George Leef devotes his latest Martin Center column to the purported ills of for-profit higher education.
For about fifteen years, from 1995 to 2010, enrollments grew rapidly in the for-profit higher education sector, but since then have fallen substantially. The reason for the decline is mainly the overt hostility to for-profits during the Obama administration. The Department of Education killed off two of the largest for-profit competitors (Corinthian and ITT), and rhetoric from top officials created the impression that the for-profits were in general an educational scam.

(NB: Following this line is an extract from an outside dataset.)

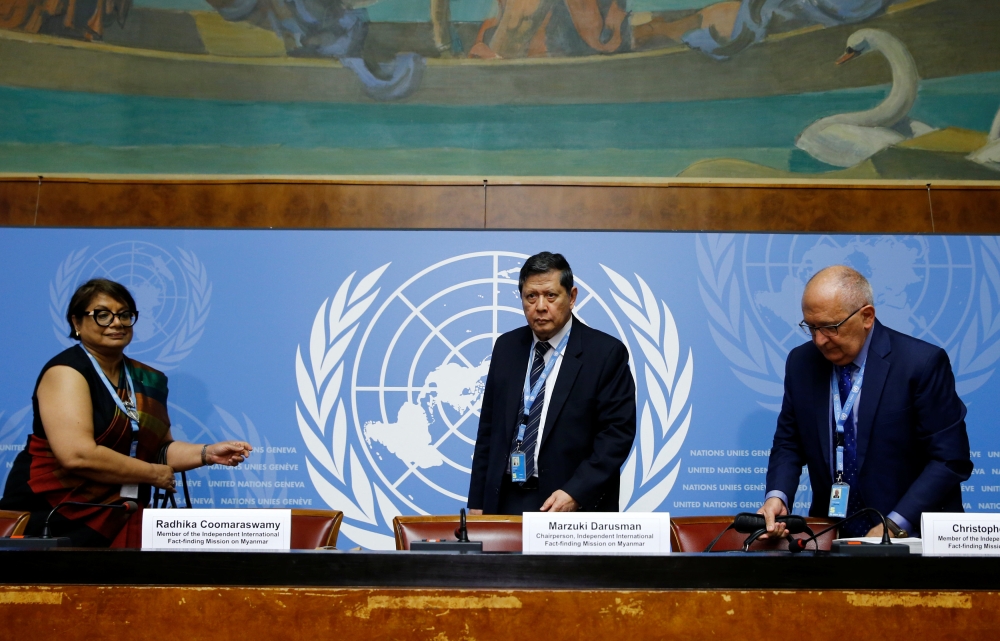Radhika Coomaraswamy, left, Marzuki Darusman, center, and Christopher Sidoti, members of the Independent International Fact-finding Mission on Myanmar, attend a news conference at the United Nations in Geneva, Switzerland, on Tuesday. — Reuters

That impression is challenged a newly published book Unprofitable Schooling, edited by Todd Zywicki and Neal McCluskey. It consists of eleven interesting and varied chapters; the one I will focus on is entitled “Assessing For-Profit Colleges” by professor William Shughart of Utah State and Jayme Lemke, senior fellow at the Mercatus Institute. In it, the authors argue that the for-profit sector has unappreciated virtues, particularly for many students who are the most at-risk, and that singling it out for regulatory attack is counter-productive.
For most of our history, for-profit higher education was almost non-existent. As Shughart and Lemke explain, “The significant tax advantages enjoyed by private and public nonprofit colleges make that market one into which competitors find it difficult to enter.” Nevertheless, starting in the 1990s, for-profit schools began to attract large numbers of students, suggesting that they must have provided many students with value in excess of the cost.
But why would students who were after a short-term, occupationally related course of study choose to enroll in a for-profit and pay more than if they enrolled in a community college, which is almost costless? Our two economist authors knew there had to be reasons and dug for them.
The first important difference, according to Shughart and Lemke, is that for-profit schools are more accessible for many students.